Posted by kratt on Friday, November 21 2014 at 00:19:20AM
In reply to Discuss: Lolita and child liberation posted by EthanEdwards on Thursday, November 20 2014 at 04:57:34AM

Charlotte Haze planned to pack Dolores off to a boarding school. Everyone agreed she had the legal right to do so. Yet Dolores feared it.
Charlotte had packed Dolores off to a lonely farm for a summer, which Dolores recalled with horror.

Humbert told Dolores that if she reported him to police, she would go to foster care, which would be about as bad for her as boarding school, and that Dolores therefore was better off putting up with Humbert and sex. Dolores agreed - although Humbert calls Dolores naive for so doing. Dolores never did report Humbert, nor go to foster care. Nor grow up: she died in childbirth shortly before her 18th birthday.

However, after some time of putting up with Humbert, Dolores decided that although reporting Humbert and going to foster care was worse than enduring him, running away and living on her own (age 13 or so) was better than enduring Humbert. She therefore started saving money Humbert was bribing her with for running away, and Humbert started seeking her savings and taking them away.

Eventually, Dolores preferred to escape with Quilty and actively preferred Quilty to Humbert.

Quilty did not imprison Dolores in her home or some lonely farm as Humbert had menaced - when Dolores would not meet his sexual demands, Quilty threw her out, so she had her freedom to choose to live independently (and did gain employment as scullery maid) or report Humbert and Quilty to police (and go to foster care). She chose independence.

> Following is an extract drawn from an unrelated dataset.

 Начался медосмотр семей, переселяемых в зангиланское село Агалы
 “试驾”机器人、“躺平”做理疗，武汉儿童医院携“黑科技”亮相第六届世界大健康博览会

After a while, she encountered Richard Schiller. She never loved him - she was sure she only ever loved Quilty - but she was the best of the bad options she had (return to Quilty on his terms; return to Humbert on his terms; foster care; continuing with independence and scullery employment).

Humbert may have called Dolores naive for believing foster care sucked, but it does appear to be true, still. Children are abused both in homes and foster care, but abuse in foster care appears to be more frequent. Children run away from both homes and foster care, but runaways from foster care seem to be more frequent. It is also by no means unknown for children to run away from foster care to return to their allegedly abusive parents, and be forcibly returned.

If children have enforced dependency of parents because the alternative, foster care, sucks and the children do not even have the freedom to make the choice between foster care and parents then yes, they are not liberated.

So how can children be liberated?
1) Provide decent quality foster care
2) Permit children to volunteer for the good foster care provided in step 1), and to return home if they find by experience in foster care that home is better after all
3) Dolores Haze would encounter in her class several children who are in foster care, by their own choice, and are not outcasts/bullying victims for it, so she can talk to them and hear what foster care is like. She would also meet and talk to several children who have been to summer camps OR foster care for a while, and returned home, not because foster care was bad but because home was better. She would therefore be well informed that she has a tolerable alternative to Humbert Humbert - and Humbert Humbert would have to keep Dolores on her terms (presumably including not having sex with her when she is not interested, and permitting her to meet and have sex with boys her age, or even Quilty, when she is interested), or lose her.